I did an openMP course recently to finally learn a little about parallel programming. Here I pimp the Mandelbrot example with openMP. The code can be accessed with

git clone https://maurow@bitbucket.org/maurow/mauro_learning_fortran.git
cd mauro_learning_fortran
git checkout v0.3

and is in the folder mandel/.

The idea of openMP is pretty simple: annotate your code with some special openMP directives, tell gcc to compile it with openMP support and viola! Of course there is a bit more to it, the course notes are a good starting point: http://chryswoods.com/beginning_openmp.

Code

The code is basically the same as for Calling Fortran 90 from C (with some improvements and some more comments). The openMP related bits are the comments starting with $OMP. Note that the function had to loose its pure-ness as that does not go with openMP.

mandel.f90:

module mandel
  implicit none

  integer, parameter :: dp=kind(0.d0) ! double precision

contains

  pure function mandel_frac(z, c) result(out)
    ! The Mandelbrot map: z -> z^2 + c
    complex(dp), intent(in):: z, c
    complex(dp):: out
    out = z**2 + c
  end function mandel_frac

  function calc_num_iter(re, im, itermax, escape) result(out)
    ! Iterates on mandel_frac
    ! Input:
    !  - re/im: vector of real/imaginary values of grid
    !  - itermax: maximum of iterations done
    !  - escape: stops if abs(z)>escape, for Mandelbrot escape=2
    ! Output:
    !  - number of iterations until abs(z)>escape
    real(dp), intent(in):: re(:), im(:), escape
    integer, intent(in):: itermax
    integer:: out(size(re), size(im))
    integer:: ii, jj, kk, itt
    complex(dp):: zz, cc

    !$OMP PARALLEL  PRIVATE(jj, zz, cc, itt, kk)

    !$OMP DO
    do jj=1,size(im)
       do ii=1,size(re)
          zz = 0
          cc = cmplx(re(ii), im(jj), dp)
          do kk=1,itermax
             zz = mandel_frac(zz, cc)
             if (abs(zz)>escape) then
                exit
             end if
          end do
          if (kk>=itermax) then
             out(ii,jj) = -1
          else
             out(ii,jj) = kk
          end if
       end do
    end do
    !$OMP END PARALLEL

  end function calc_num_iter

end module mandel

$OMP PARALLEL PRIVATE(jj, zz, cc, itt, kk) starts a parallel section, i.e. it can be run by several threads, and $OMP END PARALLEL ends it. Each thread has its own copy of jj, zz, cc, itt, kk which is stated by the PRIVATE statement. The other variables they all share, thus all threads will write their bit to the out array.
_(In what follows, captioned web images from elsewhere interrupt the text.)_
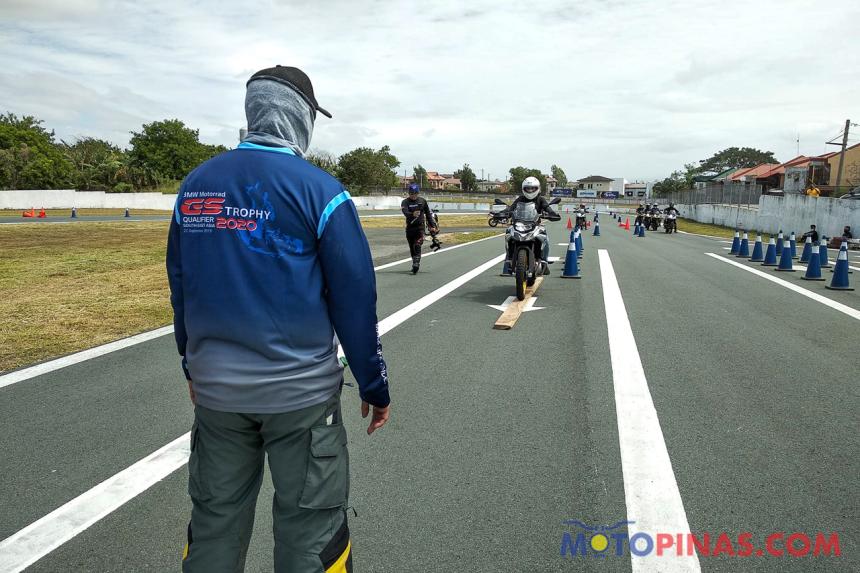 BMW will soon offer training courses for riders BMW will soon offer training courses for riders image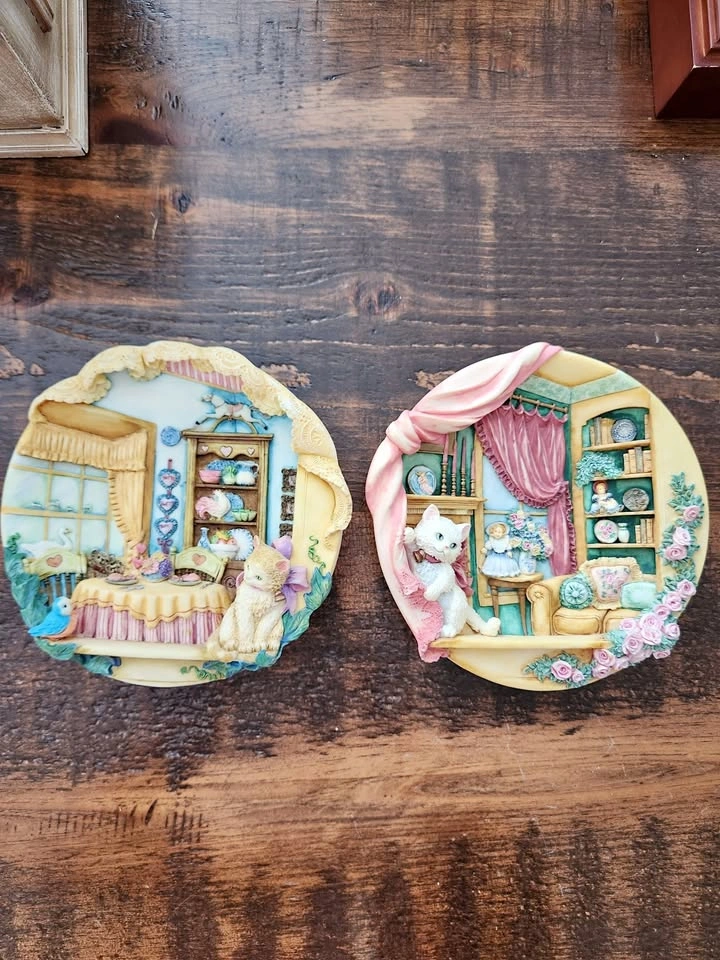 Purrfectly at Home Collector Plates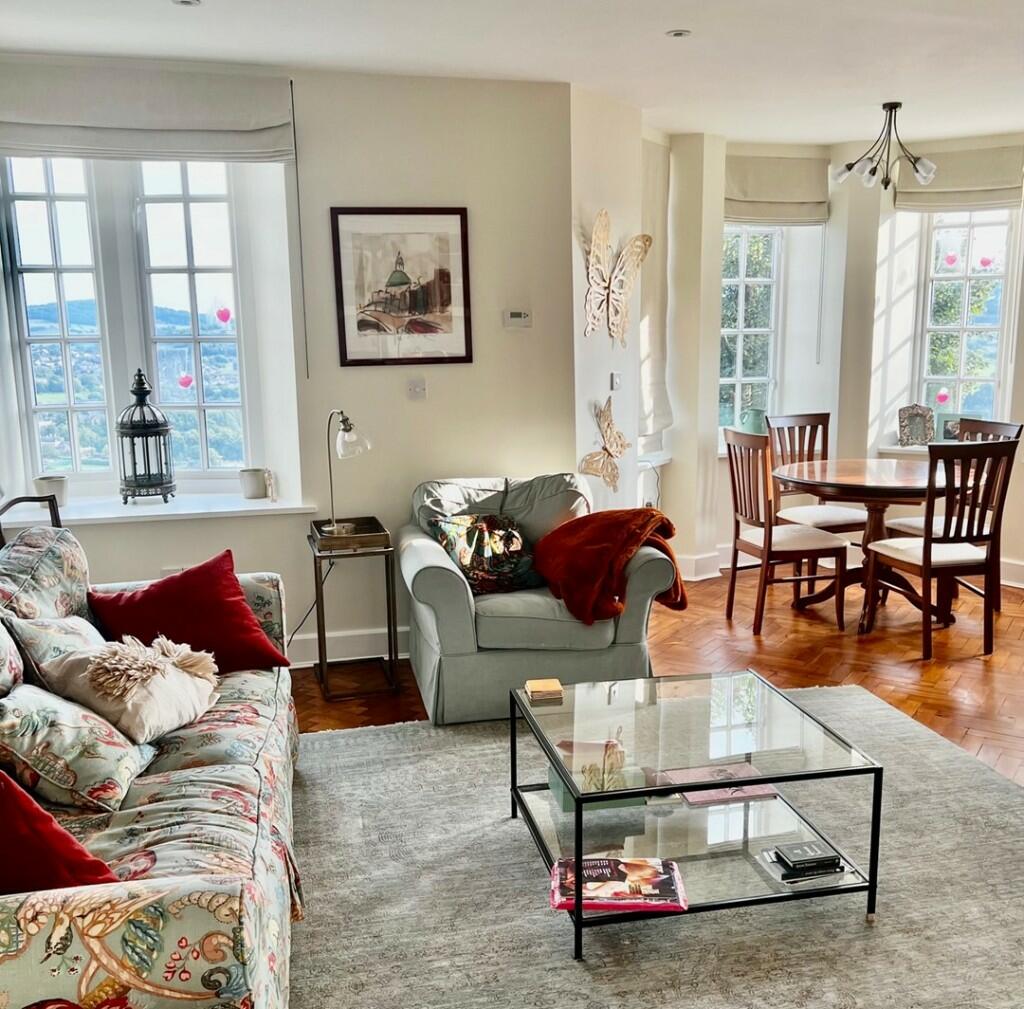 2 bedroom apartment for sale in Wellington Street, Matlock, Derbyshire, DE4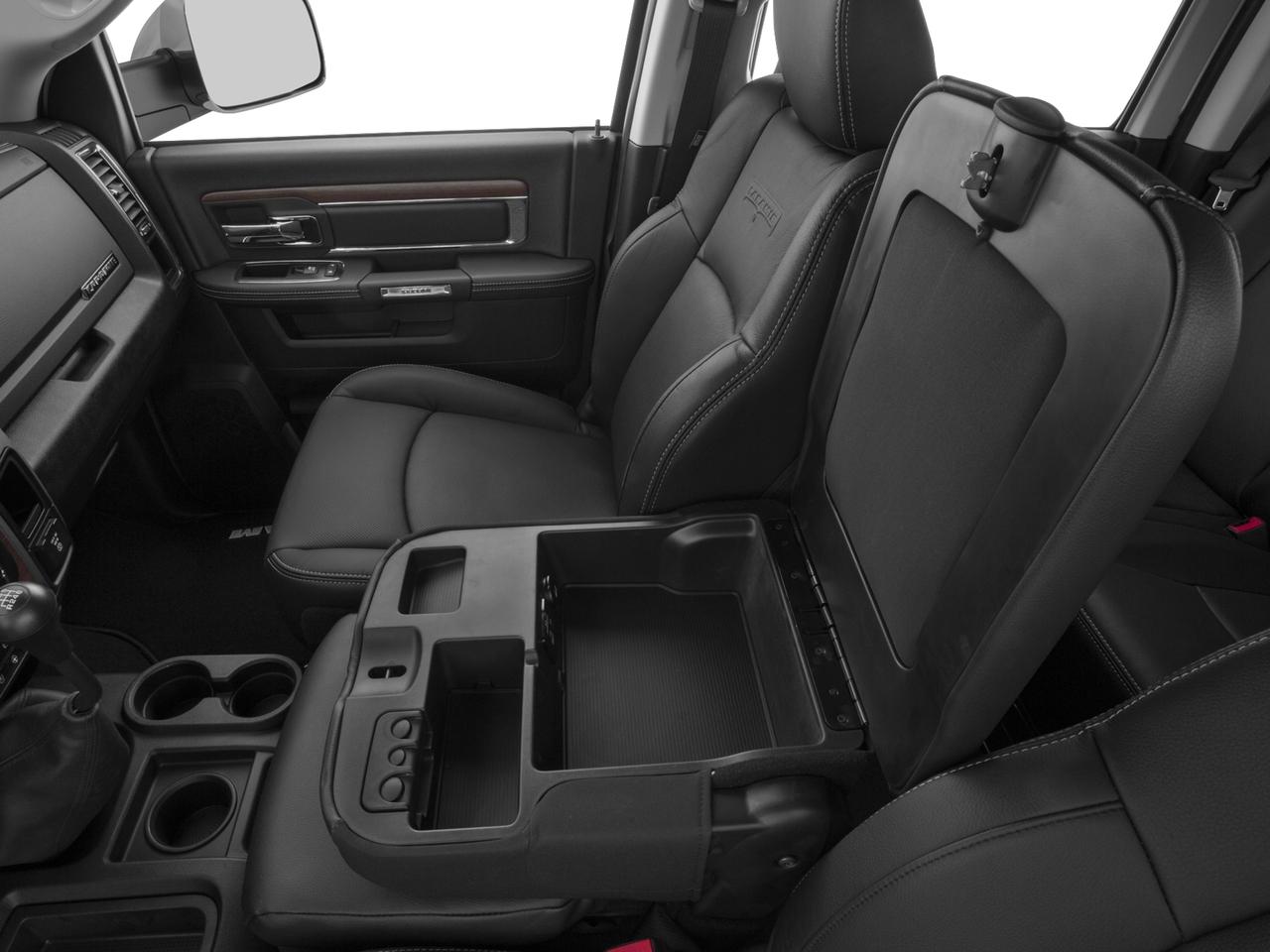 2016 Ram 3500 Vehicle Photo in Hellertown, PA 18055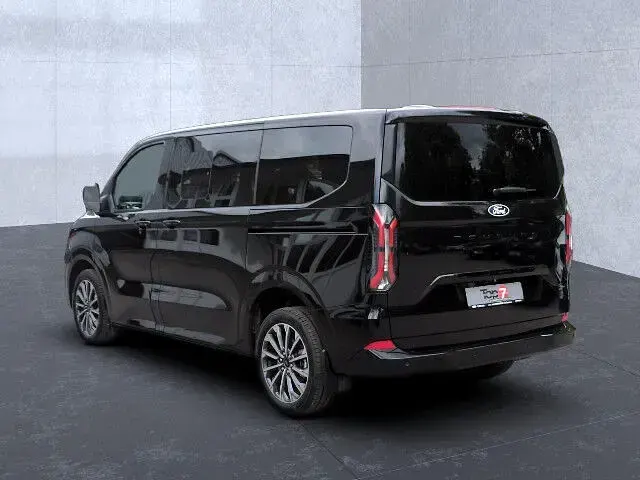 Neu Ford Tourneo Custom Titanium X 170 PS (125 kW) 2026 Grau Van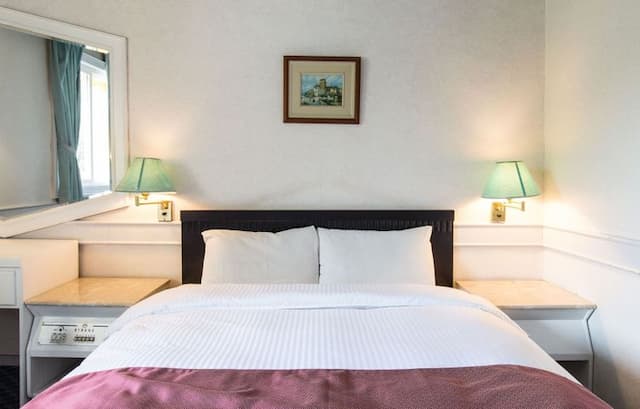 大尖山飯店 l  高CP值、絕佳地點-標準雙人房-1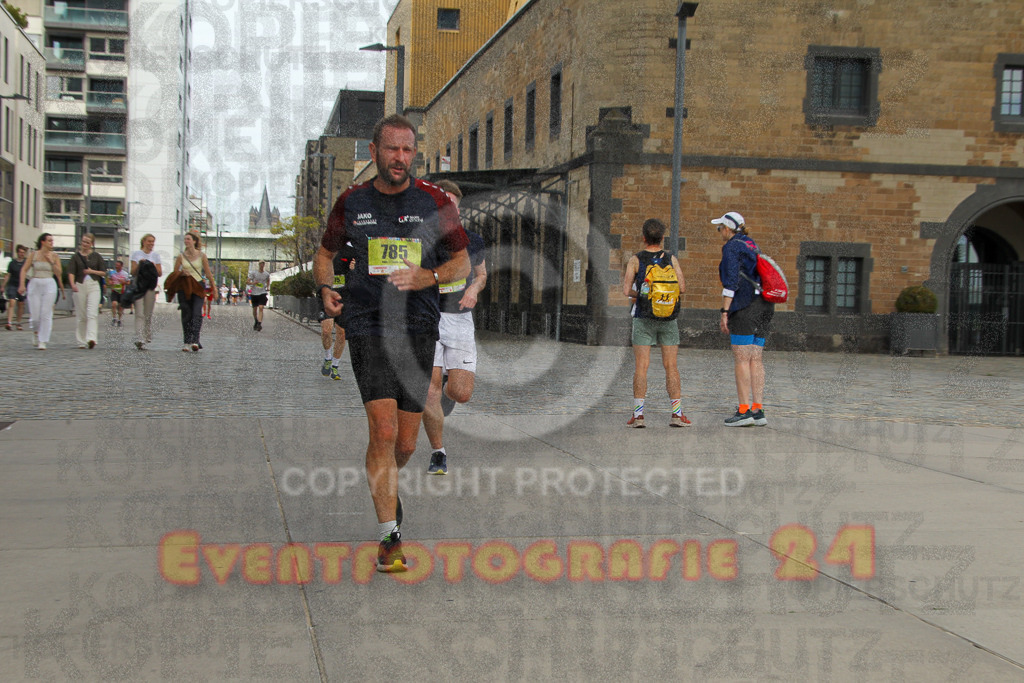 250920_1323_EV4_5368 | Sportfotografie im Rhein-Sieg Kreis, Köln, Bonn, NRW, Rheinland Pfalz, Hessen, etc. Unser Tätigkeitsfeld umfasst den Laufsport vom Volkslauf über den Marathon, Duathlon, Triathon bis zum Ultralauf wie Kölnpfad Ultra oder Schindertrail.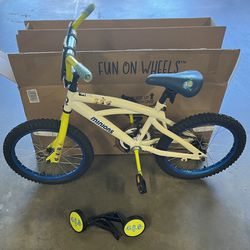 Brand New! Dynacraft Kids' 18" Minions Bike with Adjustable Training Wheels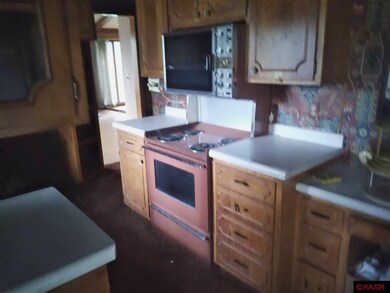 401 24th St SW, Austin, MN 55912 - photo 5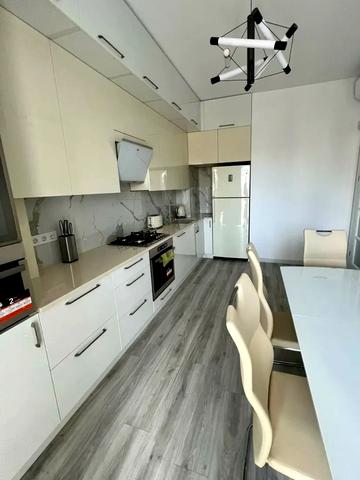 Володимира Антоновича вул. (), 109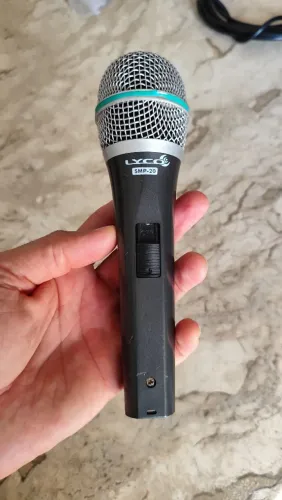 Microfone Lyco Profissional com cabo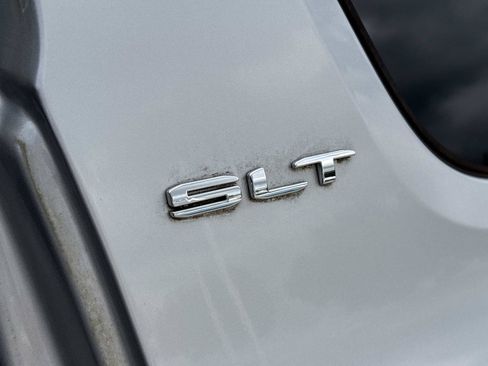 Used 2020 GMC Acadia SLT FWD image 31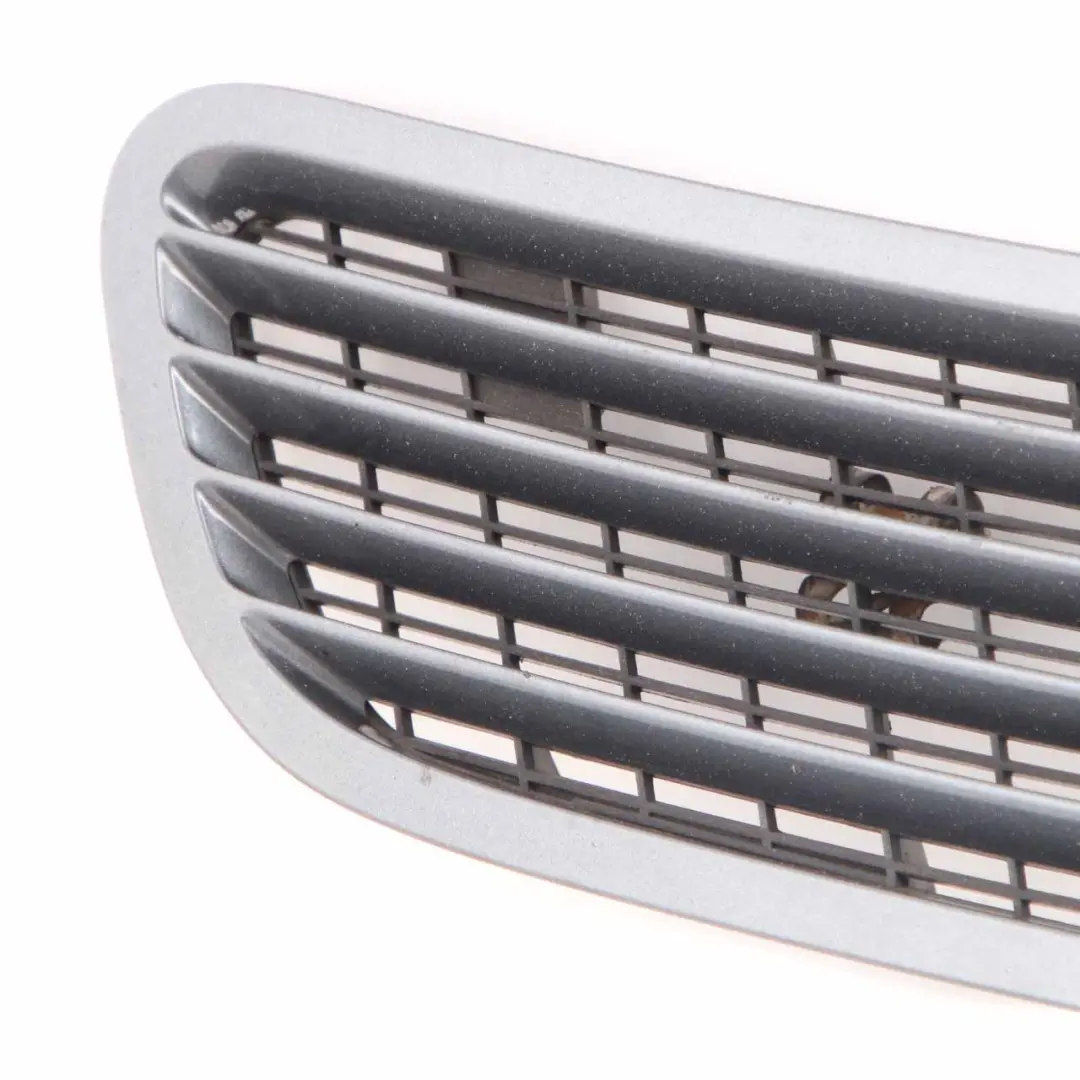 Capot Panneau d'air Jets de lavage de la grille Flint Grey 368 pour Mercedes W211 à propos du numéro de pièce A2118800005 Mercedes W211 Capot Panneau d'air Jets de lavage de la grille Flint Grey 368 - SKU A2118800005-FLG - Numéro de pièce A2118800005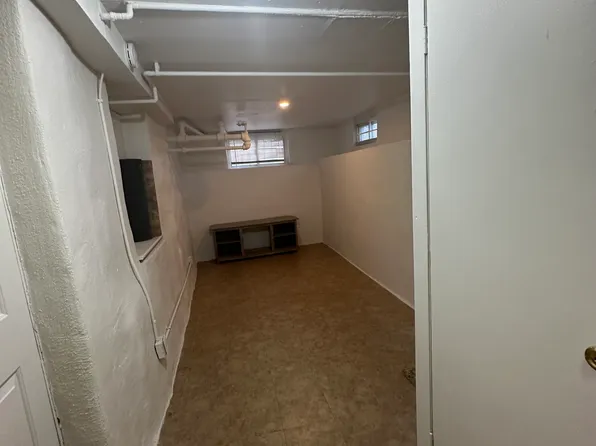 1327 College Point Blvd APT 1B, College Pt, NY 11356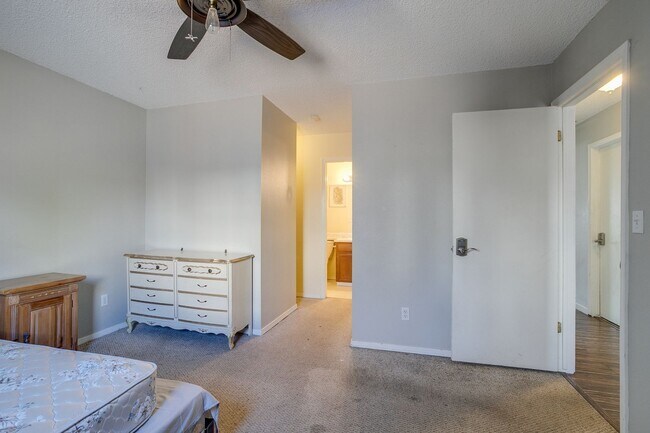 Building Photo - Huge room in a large shared home, private bathroom, great neighborhood, friendly roommates!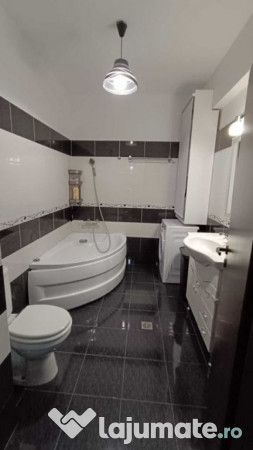 Închiriez Apartament de 2 camere, 70 mp - Cartier Latin 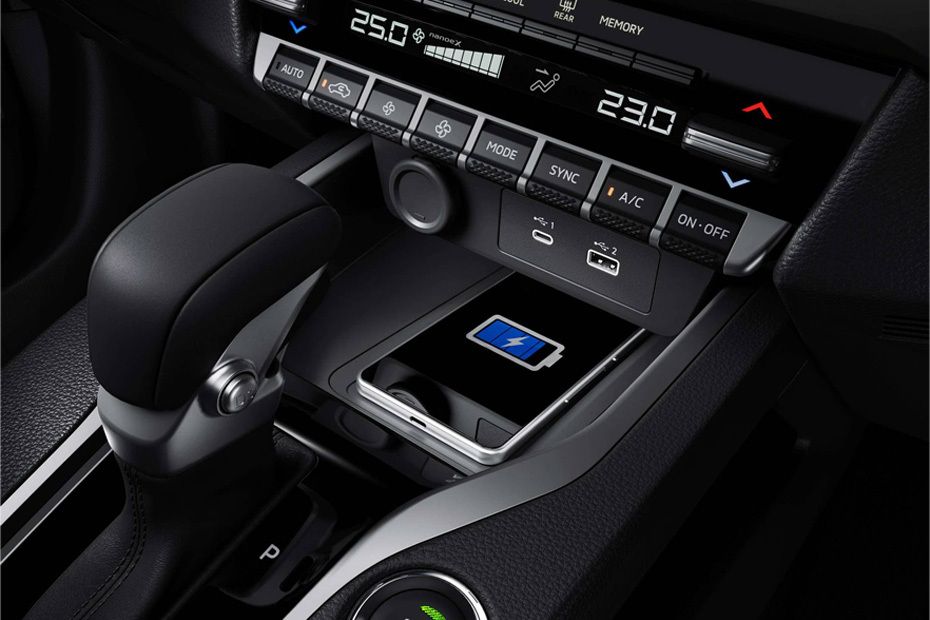 Power Accessories Outlet View of Mitsubishi Xforce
$OMP DO states that the next for-loop can be executed in parallel.

Compiling

The same code can now be compiled with or without openMP depending on the presence of the gcc flag -fopenmp.

gfortran -c run_mandel_from_fortran.f90
# serial:
gfortran -c mandel.f90 -o  mandel.o
gfortran mandel.o run_mandel_from_fortran.o -o fout
# with openMP:
gfortran -fopenmp -c mandel.f90 -o  mandel_openMP.o
gfortran -fopenmp mandel_openMP.o run_mandel_from_fortran.o -o fout_openMP

Running

Set the number of threads the program can use and run it with

export OMP_NUM_THREADS=20
./fout_openMP

I can get a speedup of about 2.3 for a large set of points. Oddly, I get the largest speedup when I set OMP_NUM_THREADS > 10 even though my laptop has only 2 cores + 2 virtual ones.